Asked to explain the testimony of people who said they couldn't recall seeing any children at some sites Mills claimed to operate in small Arkansas towns such as Cotton Plant, Mills said she didn't operate those feeding sites out of a fixed location, but hired a man to drive a truck that served as a "mobile feeding station."

She told Assistant U.S. Attorney Jana Harris on cross-examination that the man who drove the truck in Cotton Plant, Michael Washington, couldn't testify on her behalf because he was later killed. She said she couldn't remember the names of others who drove mobile feeding stations for her because they were hired by individual site supervisors, not by her.
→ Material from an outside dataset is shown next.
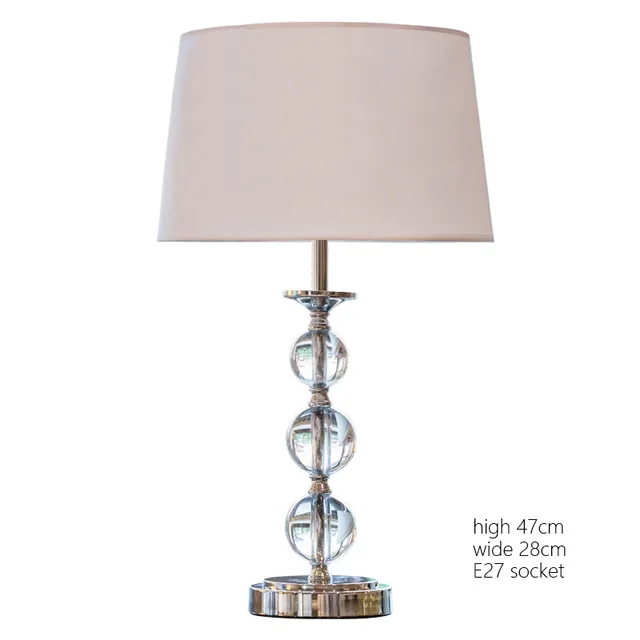 Современный светодиодный настольный светильник, прикроватные лампы для спальни, гостиной, домашнего декора, Ночной светильник, для помещений, кристалл, нержавеющая сталь - Lampshade Color: M model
Mills denied doctoring receipts from suppliers to seek reimbursement for more food and milk than she had bought to feed kids. She also denied accusations that after being indicted, she asked people to lie by saying she had used their facilities to prepare food or that they had seen children at places she listed as meal sites.

U.S. District Judge James Moody Jr. has scheduled closing arguments to begin at 9 a.m. today in his Little Rock courtroom. The arguments are expected to last most of the morning.